When calling this script from an AI agent:
1. Use `--output json` for structured output (default when piped)
2. Use `--json` flag for easier parameter passing than individual CLI flags
3. Use `--dry-run` to preview the search URL before scraping
4. Use `--pages N` if the user wants more results (each page has ~20 listings)
5. Use `--commute-to` with a destination address to calculate commute times (driving + transit) for each listing. Requires `GOOGLE_MAPS_API_KEY` env var. If the key is not set, commute fields are omitted silently.
6. `commute_driving` and `commute_transit` fields are empty strings `""` when API key is missing or calculation fails

Overview

This skill searches Singapore property rental and sale listings with flexible, scriptable filters and returns structured JSON. It supports rent or sale queries across HDB, condominium, and landed segments, with fine-grained controls for bedrooms, price, size, TOP year, MRT proximity, room types, availability and commute times. Outputs are printed to stdout so results are easy to consume by other tools or agents. Use JSON input mode to pass complex filters programmatically.

How this skill works

The scraper builds property portal query URLs from CLI flags or a JSON filter payload, issues HTTP requests, parses listing pages with BeautifulSoup/lxml, and emits a JSON array of normalized listing objects to stdout. Optional commute time calculations (driving and transit) use Google Routes API when a valid GOOGLE_MAPS_API_KEY is set; commute fields are omitted or empty if the API key is missing or the call fails.
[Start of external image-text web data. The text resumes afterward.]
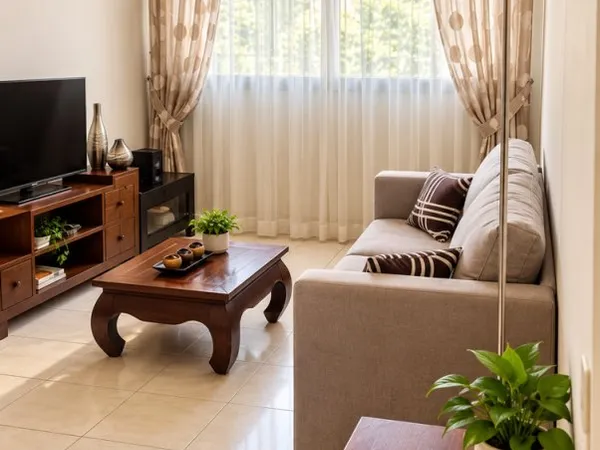 Appartement attrayant e titre dun e votre annonce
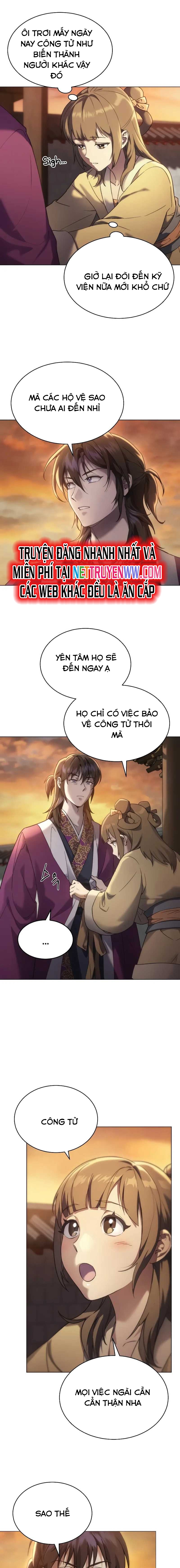 Thiên Ma Muốn Sống Một Cuộc Đời Bình Lặng: Chapter 1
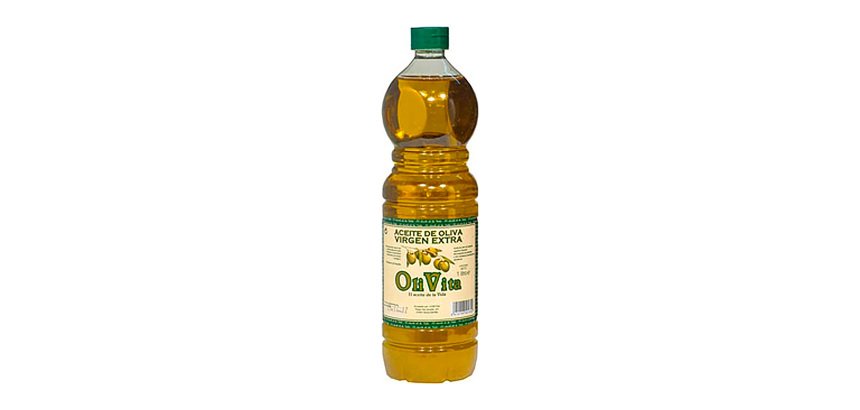 Aceite oliva virgen extra olivita botella 1 litro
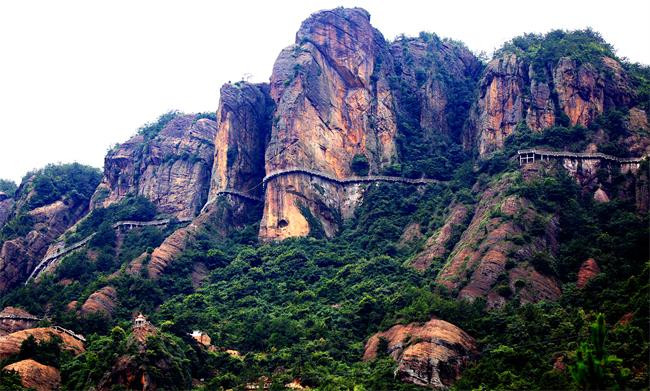 永州周边十一国庆旅游适合去的这些地方,你知道?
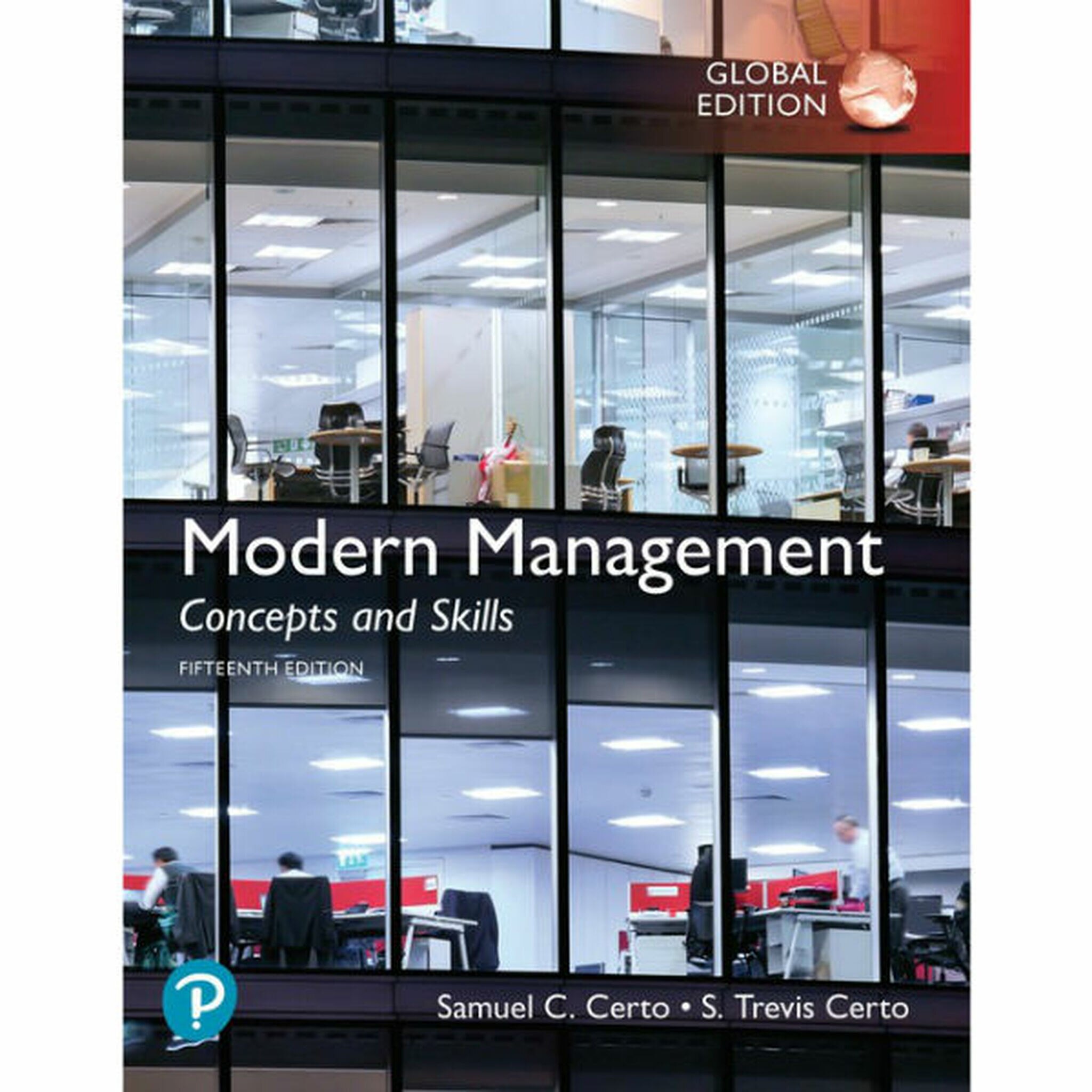 (YEDITEPE KOD) MylabManagement-Certo-Modern Management-GE-15 (Kod içinde e-kitap erişimi de mevcuttur.)
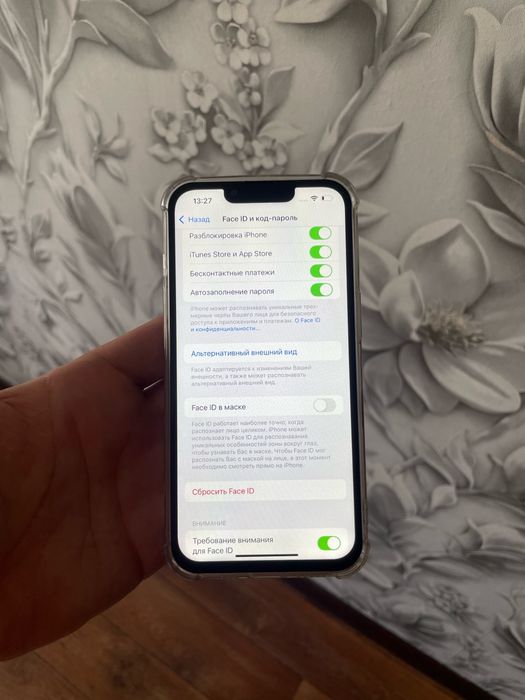 Айфон 13про 256гб Iphone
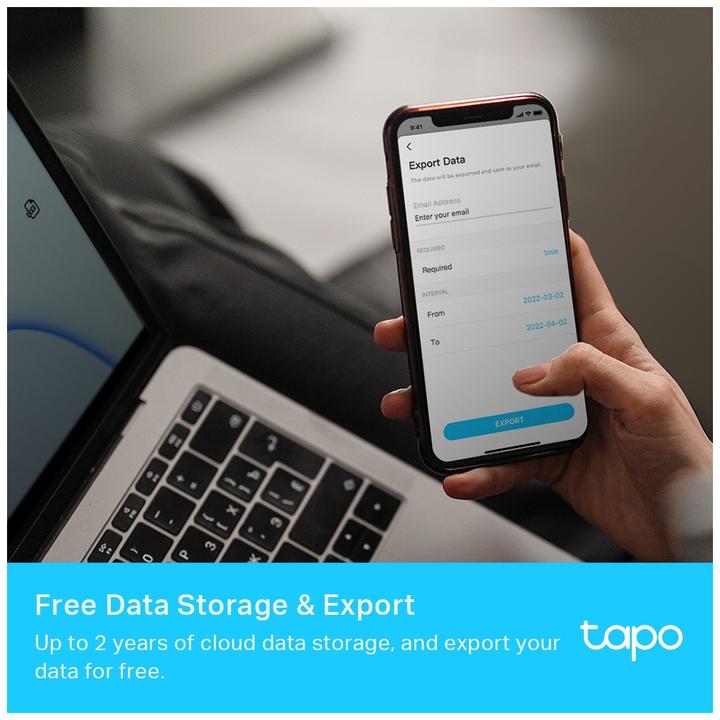 Actual product image TP-Link Tapo T315
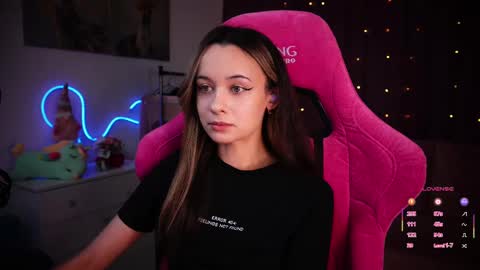 Angelina online show from 02-20-25, 08:36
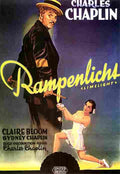 Limelight 07  film star poster A4 Photo Print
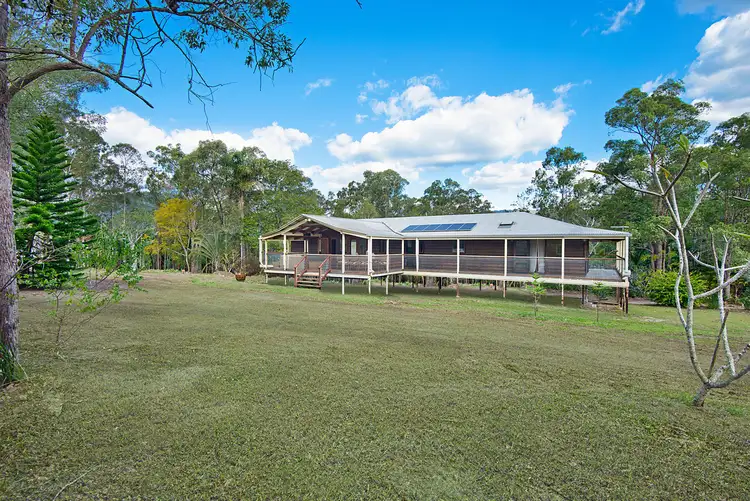 Main view of Homely house listing, 4 Atanie Court, Wights Mountain QLD 4520
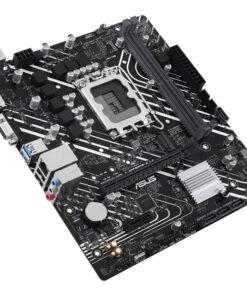 ASUS PRIME H610M-K Motherboard Micro ATX LGA1700 - Chipset Intel H610, DDR5 - Compatible con Intel Core 12ª/13ª/14ª Gen 11 Gal PRIMEH610M K g4 1778561741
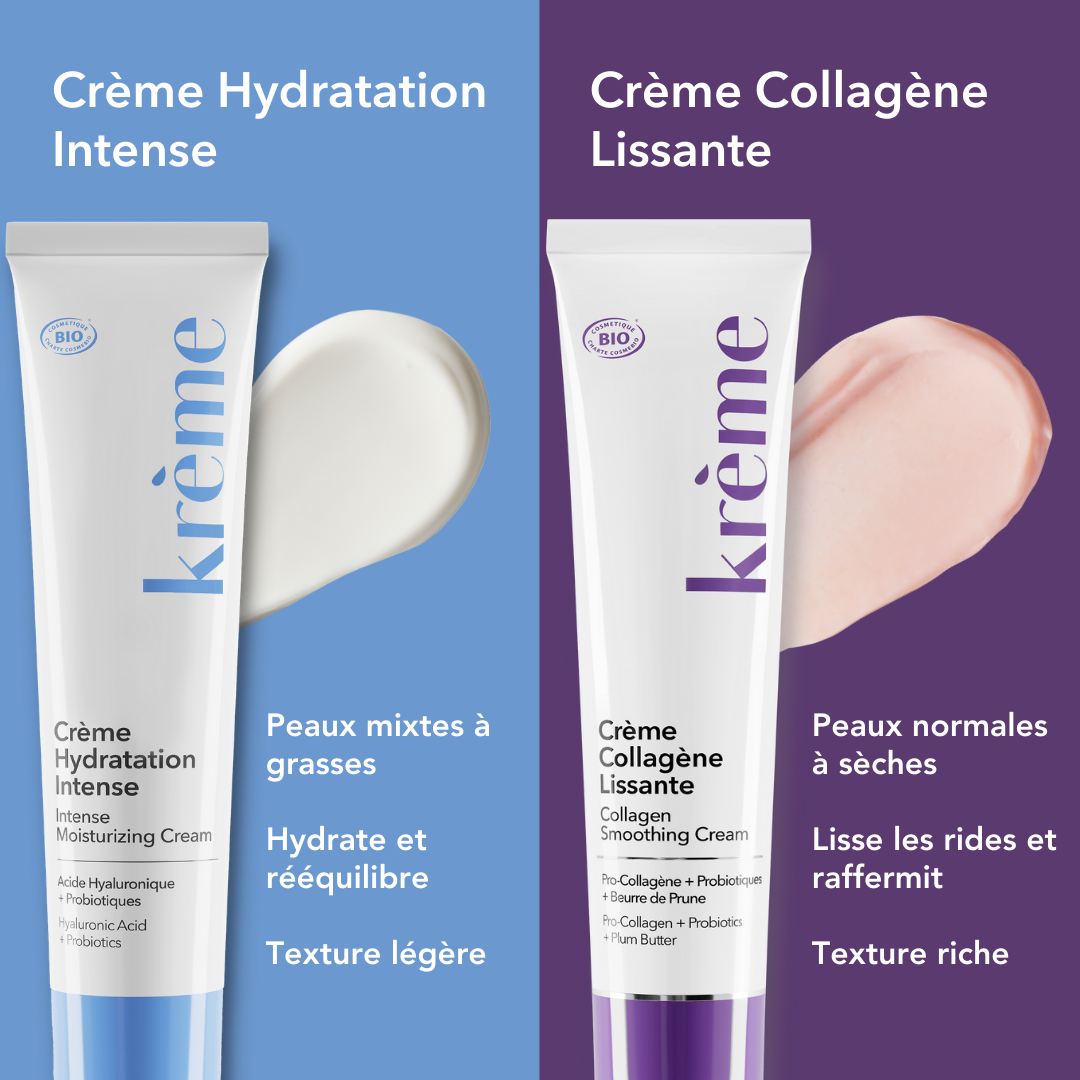 Crème Collagène Lissante format voyage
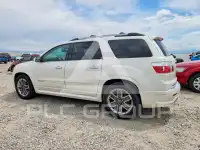 2012 GMC ACADIA photo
Dry-run mode prints generated URLs without scraping so you can validate queries before execution.

When to use it

  • Search for rental or sale listings in Singapore with precise filters (bedrooms, price, size, TOP year).
  • Find listings near specific MRT stations or within a maximum distance to public transport.
  • Compare commute times from listings to a destination (requires Google API key).
  • Collect structured JSON results for downstream processing, analysis, or automation.
  • Preview constructed search URLs using dry-run before performing large scrapes.

Best practices

  • Use --output json and pipe or capture stdout to receive machine-friendly output.
  • Prefer --json mode for complex or programmatically generated filter sets.
  • Set --pages N to increase result coverage (each page ≈ 20 listings).
  • Supply GOOGLE_MAPS_API_KEY when you need commute_driving and commute_transit fields.
  • Use --dry-run to validate URL parameters and ranges before scraping.
  • Respect request timeouts and rate limits; increase --timeout if network is slow.

Example use cases

  • Find 2BR condominiums for rent under SGD 4,000 within 0.75 km of Circle Line stations.
  • Compare sale listings near a specific MRT station range (e.g., CC:20-24) sorted by psf.
  • Aggregate listings with commute times to a workplace address to shortlist quick commutes.
  • Run nightly jobs to archive newly listed properties by scraping multiple pages.
  • Filter room rentals (master/common) vs entire-unit listings for roommate searches.

FAQ

How do I get commute times for each listing?

Set the GOOGLE_MAPS_API_KEY environment variable and pass --commute-to with the destination address; driving and transit times will be calculated and included when possible.

What output do I get when no results match?

The script prints an empty JSON array [] and exits with a designated code indicating zero results.